▶ **Exercise**: Transcribe the records exactly from the line with "Classic Hobo Handbag" to the end, both included.

▶ **Provided records**:
***
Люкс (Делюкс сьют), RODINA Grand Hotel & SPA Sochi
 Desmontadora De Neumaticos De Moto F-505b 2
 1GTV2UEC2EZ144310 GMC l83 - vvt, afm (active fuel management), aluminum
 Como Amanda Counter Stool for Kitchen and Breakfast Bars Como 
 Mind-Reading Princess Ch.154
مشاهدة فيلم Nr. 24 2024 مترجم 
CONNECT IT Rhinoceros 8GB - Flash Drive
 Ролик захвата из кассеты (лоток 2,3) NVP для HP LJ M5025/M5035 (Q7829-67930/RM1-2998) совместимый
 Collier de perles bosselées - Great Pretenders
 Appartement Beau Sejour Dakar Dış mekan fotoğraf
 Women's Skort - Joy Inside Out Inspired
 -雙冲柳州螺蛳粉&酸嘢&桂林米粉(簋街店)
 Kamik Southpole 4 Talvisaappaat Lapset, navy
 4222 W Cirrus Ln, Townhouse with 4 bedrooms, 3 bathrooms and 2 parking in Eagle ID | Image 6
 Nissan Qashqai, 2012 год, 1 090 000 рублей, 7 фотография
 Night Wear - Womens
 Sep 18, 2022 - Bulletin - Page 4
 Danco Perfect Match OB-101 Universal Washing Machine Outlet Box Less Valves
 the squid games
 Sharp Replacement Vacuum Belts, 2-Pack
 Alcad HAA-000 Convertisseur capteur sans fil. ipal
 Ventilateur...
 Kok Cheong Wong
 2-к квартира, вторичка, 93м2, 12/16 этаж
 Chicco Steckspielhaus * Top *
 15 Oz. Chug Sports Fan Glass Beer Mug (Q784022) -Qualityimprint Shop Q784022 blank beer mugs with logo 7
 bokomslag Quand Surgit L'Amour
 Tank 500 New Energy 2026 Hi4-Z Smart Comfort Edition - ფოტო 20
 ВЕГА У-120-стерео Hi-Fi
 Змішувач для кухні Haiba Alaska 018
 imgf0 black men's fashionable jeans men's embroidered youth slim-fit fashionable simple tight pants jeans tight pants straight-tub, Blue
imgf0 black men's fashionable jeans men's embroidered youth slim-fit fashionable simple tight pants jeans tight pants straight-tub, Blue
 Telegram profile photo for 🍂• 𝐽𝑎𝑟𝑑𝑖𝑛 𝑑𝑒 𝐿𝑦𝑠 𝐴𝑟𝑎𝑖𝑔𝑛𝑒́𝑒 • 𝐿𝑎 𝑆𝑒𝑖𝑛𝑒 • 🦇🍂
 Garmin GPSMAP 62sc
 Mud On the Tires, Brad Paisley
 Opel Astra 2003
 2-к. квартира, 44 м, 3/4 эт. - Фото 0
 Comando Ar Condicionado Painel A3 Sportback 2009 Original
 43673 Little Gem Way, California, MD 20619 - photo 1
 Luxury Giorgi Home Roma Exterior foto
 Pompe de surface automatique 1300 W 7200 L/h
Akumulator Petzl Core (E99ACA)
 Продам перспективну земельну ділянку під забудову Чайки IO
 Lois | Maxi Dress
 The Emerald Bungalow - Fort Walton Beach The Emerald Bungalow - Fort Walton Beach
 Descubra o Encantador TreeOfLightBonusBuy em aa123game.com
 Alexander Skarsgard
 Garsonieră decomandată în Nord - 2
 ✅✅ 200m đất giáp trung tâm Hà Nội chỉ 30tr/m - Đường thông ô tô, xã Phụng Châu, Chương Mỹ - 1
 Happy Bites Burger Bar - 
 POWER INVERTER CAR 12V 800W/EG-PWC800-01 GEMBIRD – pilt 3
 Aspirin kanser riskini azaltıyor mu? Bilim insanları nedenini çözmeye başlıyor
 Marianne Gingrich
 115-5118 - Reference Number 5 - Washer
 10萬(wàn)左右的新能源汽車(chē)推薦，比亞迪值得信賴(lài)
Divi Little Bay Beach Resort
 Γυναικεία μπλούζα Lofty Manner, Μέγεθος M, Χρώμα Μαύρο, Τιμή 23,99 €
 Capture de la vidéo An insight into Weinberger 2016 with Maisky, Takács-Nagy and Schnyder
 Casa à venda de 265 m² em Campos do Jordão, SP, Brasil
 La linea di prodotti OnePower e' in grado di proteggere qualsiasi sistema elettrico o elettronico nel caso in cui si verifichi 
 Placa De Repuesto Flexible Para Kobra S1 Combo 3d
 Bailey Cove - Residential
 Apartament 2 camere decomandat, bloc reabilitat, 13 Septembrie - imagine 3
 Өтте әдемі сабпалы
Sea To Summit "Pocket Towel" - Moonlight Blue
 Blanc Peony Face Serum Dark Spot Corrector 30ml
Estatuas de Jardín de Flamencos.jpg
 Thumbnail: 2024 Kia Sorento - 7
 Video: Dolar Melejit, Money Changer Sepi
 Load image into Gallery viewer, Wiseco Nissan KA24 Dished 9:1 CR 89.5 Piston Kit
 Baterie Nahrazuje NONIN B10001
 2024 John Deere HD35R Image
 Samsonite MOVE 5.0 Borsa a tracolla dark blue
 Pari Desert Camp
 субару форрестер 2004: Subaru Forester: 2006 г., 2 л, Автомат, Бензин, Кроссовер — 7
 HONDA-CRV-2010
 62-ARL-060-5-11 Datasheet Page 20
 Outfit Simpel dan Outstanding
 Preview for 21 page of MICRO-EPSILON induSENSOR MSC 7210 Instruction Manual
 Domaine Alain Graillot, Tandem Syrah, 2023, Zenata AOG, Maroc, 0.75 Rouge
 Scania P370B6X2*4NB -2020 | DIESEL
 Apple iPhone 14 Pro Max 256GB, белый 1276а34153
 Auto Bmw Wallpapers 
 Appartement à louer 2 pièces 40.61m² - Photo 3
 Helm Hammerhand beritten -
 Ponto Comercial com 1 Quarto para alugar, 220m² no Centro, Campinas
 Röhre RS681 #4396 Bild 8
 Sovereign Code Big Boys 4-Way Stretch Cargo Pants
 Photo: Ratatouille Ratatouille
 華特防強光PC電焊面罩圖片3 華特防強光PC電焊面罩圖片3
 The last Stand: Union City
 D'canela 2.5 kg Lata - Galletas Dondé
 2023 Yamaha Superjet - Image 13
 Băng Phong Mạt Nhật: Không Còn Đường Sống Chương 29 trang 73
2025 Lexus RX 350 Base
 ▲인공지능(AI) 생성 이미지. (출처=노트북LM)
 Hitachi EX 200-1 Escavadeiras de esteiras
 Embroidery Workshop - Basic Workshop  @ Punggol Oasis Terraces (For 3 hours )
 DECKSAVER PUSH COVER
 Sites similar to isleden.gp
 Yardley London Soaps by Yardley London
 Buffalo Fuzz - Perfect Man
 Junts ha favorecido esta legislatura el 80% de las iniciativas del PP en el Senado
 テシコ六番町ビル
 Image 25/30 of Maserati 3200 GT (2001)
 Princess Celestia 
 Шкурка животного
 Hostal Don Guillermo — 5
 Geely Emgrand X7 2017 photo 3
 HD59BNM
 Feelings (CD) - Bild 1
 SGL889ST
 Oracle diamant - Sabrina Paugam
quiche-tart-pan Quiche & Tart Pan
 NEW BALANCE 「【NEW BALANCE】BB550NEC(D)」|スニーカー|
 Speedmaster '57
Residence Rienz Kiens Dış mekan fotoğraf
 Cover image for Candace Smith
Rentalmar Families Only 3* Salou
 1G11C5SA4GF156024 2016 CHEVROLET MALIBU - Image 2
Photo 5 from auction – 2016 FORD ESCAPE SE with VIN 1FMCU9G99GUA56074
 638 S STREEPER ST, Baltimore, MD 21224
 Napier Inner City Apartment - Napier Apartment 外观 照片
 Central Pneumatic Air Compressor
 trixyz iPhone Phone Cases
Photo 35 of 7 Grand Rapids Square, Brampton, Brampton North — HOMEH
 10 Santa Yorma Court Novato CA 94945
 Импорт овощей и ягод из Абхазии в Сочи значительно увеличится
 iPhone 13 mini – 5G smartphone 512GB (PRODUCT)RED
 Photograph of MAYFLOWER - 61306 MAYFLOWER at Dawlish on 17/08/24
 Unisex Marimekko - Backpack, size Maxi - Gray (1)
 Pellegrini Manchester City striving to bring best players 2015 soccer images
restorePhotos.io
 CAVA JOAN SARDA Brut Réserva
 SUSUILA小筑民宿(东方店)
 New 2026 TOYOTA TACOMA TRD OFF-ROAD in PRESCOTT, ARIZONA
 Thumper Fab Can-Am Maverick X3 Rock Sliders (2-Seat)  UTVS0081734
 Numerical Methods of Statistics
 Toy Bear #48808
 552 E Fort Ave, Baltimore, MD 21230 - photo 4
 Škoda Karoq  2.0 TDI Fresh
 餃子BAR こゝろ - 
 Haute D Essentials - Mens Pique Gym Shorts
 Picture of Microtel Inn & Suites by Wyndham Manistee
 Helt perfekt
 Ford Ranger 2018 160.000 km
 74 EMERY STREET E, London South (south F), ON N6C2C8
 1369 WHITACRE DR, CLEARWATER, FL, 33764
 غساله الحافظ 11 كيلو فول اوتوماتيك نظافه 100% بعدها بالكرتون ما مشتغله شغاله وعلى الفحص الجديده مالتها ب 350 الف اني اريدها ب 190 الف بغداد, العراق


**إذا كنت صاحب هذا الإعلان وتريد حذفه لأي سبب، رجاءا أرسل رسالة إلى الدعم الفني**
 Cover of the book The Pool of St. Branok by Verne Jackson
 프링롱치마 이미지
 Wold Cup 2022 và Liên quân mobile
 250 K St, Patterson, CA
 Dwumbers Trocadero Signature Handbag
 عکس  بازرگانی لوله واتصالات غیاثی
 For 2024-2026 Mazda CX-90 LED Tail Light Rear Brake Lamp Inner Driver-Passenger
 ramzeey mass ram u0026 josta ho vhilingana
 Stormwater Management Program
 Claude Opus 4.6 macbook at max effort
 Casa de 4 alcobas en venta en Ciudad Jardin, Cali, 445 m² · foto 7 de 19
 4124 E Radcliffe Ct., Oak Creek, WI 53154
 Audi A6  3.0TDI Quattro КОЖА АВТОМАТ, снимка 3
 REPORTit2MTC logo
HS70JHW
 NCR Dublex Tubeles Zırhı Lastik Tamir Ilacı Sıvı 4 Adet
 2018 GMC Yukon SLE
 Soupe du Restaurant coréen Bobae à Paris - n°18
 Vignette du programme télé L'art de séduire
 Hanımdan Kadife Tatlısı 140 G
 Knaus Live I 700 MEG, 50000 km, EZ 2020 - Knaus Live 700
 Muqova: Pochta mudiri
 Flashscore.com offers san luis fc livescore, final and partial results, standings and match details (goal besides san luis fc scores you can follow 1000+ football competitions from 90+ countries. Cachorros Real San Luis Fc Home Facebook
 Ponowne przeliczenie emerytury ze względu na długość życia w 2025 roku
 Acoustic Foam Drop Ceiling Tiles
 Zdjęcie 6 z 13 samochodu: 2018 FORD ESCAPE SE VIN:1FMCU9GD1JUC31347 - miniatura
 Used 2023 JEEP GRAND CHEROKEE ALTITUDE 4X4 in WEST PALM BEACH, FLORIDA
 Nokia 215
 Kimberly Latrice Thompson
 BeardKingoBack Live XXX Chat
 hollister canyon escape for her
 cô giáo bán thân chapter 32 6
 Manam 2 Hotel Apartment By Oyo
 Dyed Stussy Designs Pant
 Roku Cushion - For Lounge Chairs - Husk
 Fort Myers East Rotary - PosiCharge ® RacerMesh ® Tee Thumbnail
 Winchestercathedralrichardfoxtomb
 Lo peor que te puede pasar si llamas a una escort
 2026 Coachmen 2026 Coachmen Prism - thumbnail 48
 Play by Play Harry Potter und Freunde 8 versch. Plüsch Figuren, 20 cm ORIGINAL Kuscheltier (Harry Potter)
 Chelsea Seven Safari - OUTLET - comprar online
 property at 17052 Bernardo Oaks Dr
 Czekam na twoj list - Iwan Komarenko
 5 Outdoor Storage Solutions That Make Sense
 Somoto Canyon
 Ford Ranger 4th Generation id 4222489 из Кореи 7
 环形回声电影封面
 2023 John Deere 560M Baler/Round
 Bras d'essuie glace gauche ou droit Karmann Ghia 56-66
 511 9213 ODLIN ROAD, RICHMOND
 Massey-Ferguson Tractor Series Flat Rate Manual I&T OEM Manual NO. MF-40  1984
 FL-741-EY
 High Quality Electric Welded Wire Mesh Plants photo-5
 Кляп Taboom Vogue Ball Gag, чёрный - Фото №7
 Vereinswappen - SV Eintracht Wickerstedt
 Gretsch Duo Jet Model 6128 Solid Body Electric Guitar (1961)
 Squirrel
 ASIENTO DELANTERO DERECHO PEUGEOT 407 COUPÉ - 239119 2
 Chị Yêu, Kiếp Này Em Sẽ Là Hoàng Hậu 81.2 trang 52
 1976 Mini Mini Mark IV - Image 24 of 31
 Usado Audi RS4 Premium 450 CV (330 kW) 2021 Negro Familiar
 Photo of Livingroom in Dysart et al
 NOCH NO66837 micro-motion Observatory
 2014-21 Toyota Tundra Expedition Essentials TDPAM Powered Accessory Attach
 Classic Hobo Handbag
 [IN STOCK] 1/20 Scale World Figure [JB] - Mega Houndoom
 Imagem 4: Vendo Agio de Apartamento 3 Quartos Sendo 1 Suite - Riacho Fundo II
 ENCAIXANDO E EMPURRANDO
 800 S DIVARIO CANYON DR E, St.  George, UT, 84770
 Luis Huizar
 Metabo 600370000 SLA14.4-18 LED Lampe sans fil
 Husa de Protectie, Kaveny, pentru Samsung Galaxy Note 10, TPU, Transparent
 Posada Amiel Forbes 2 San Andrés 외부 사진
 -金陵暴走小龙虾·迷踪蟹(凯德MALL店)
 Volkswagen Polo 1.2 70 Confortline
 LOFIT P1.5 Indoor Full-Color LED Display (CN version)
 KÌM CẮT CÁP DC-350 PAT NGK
***
▶ **Answer below**:
 Classic Hobo Handbag
 [IN STOCK] 1/20 Scale World Figure [JB] - Mega Houndoom
 Imagem 4: Vendo Agio de Apartamento 3 Quartos Sendo 1 Suite - Riacho Fundo II
 ENCAIXANDO E EMPURRANDO
 800 S DIVARIO CANYON DR E, St.  George, UT, 84770
 Luis Huizar
 Metabo 600370000 SLA14.4-18 LED Lampe sans fil
 Husa de Protectie, Kaveny, pentru Samsung Galaxy Note 10, TPU, Transparent
 Posada Amiel Forbes 2 San Andrés 외부 사진
 -金陵暴走小龙虾·迷踪蟹(凯德MALL店)
 Volkswagen Polo 1.2 70 Confortline
 LOFIT P1.5 Indoor Full-Color LED Display (CN version)
 KÌM CẮT CÁP DC-350 PAT NGK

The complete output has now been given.